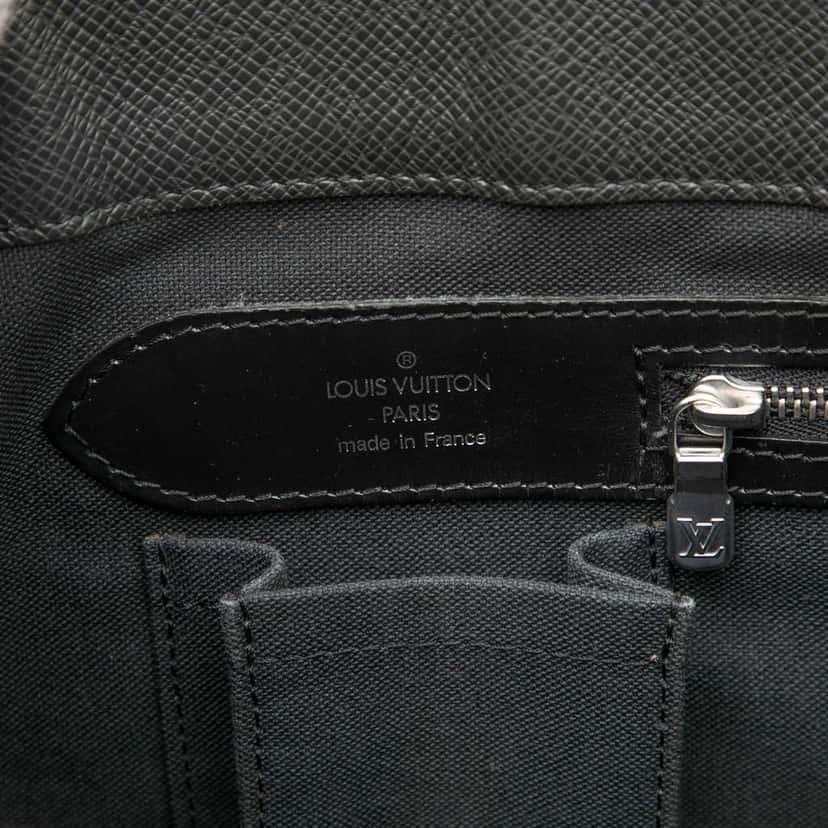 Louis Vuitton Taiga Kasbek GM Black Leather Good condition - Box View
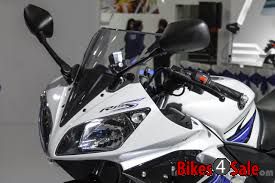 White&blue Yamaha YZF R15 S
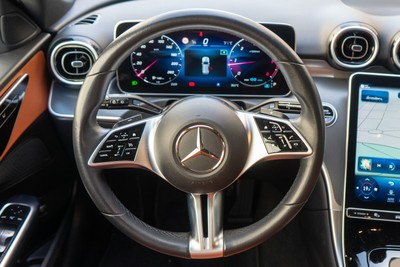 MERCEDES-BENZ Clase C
--
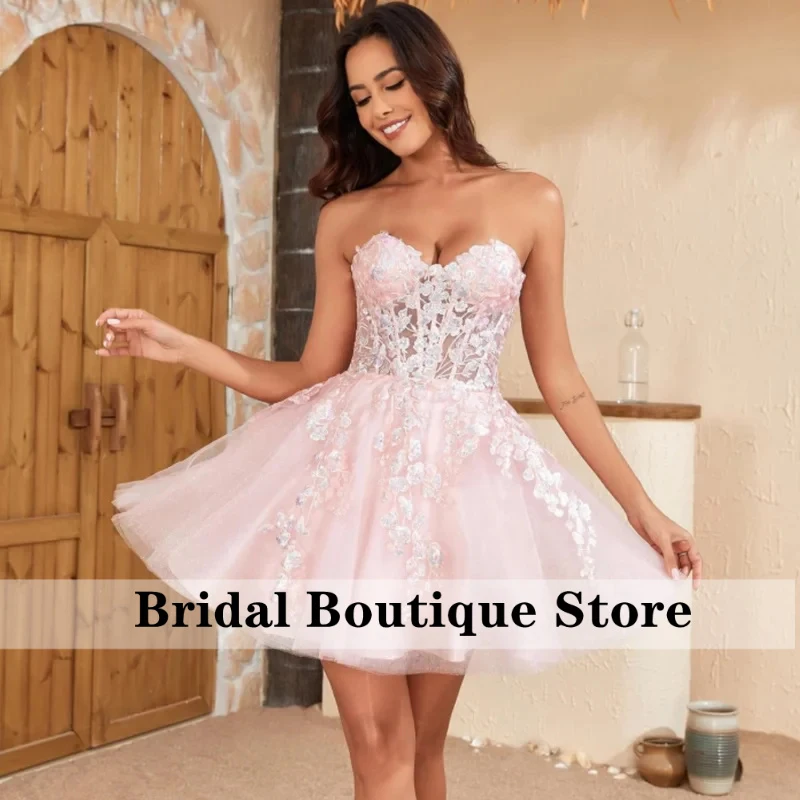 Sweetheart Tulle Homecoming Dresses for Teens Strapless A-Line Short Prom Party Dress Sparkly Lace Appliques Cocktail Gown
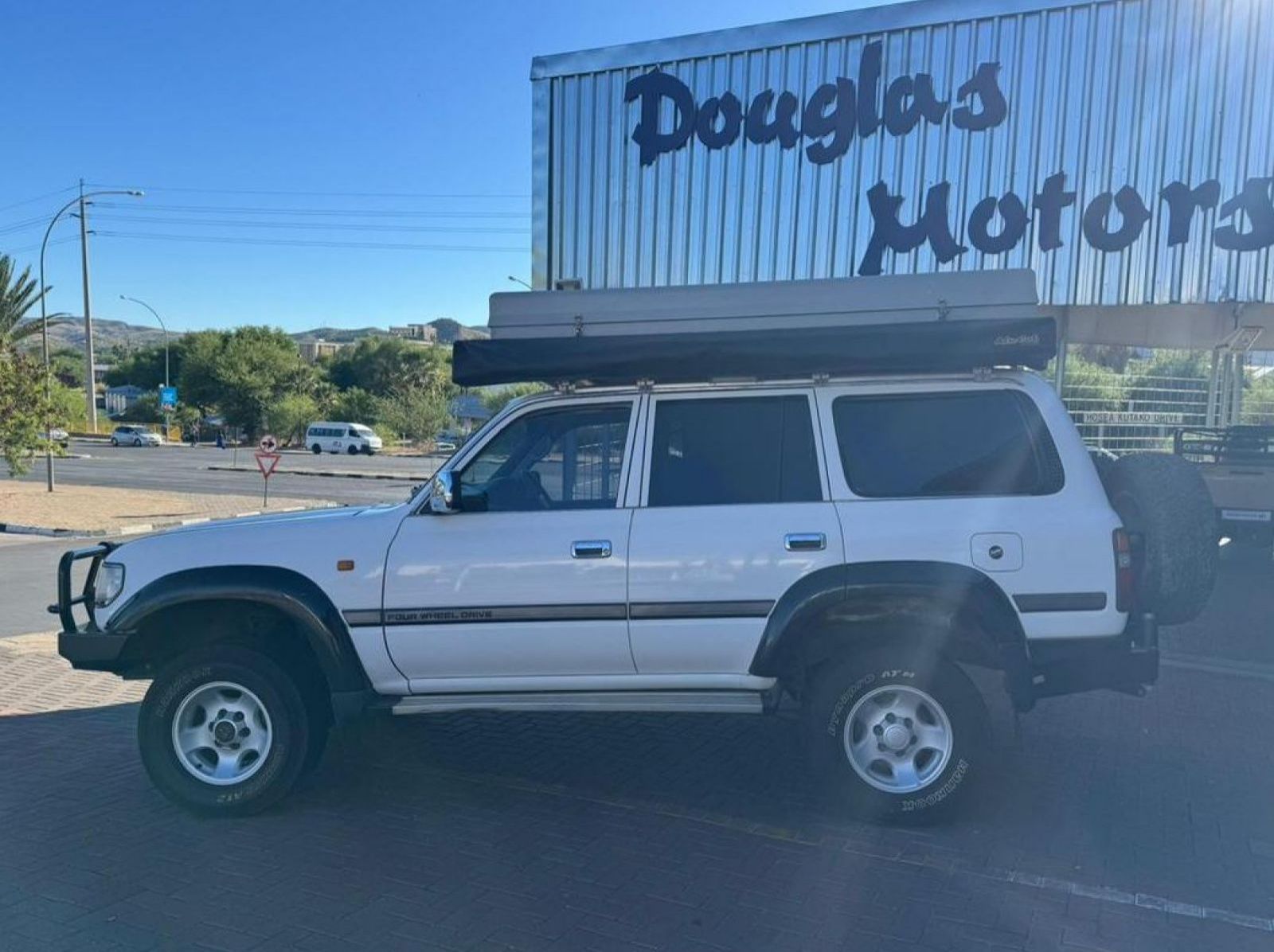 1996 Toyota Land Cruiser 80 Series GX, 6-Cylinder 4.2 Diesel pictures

About this task: Leaving out the pictures, please output the lines in the entries above from the one with "Sweetheart Tulle Homecoming" through the one with "1996 Toyota Land", exactly as they are.

Reply to the task:
 Sweetheart Tulle Homecoming Dresses for Teens Strapless A-Line Short Prom Party Dress Sparkly Lace Appliques Cocktail Gown
 1996 Toyota Land Cruiser 80 Series GX, 6-Cylinder 4.2 Diesel pictures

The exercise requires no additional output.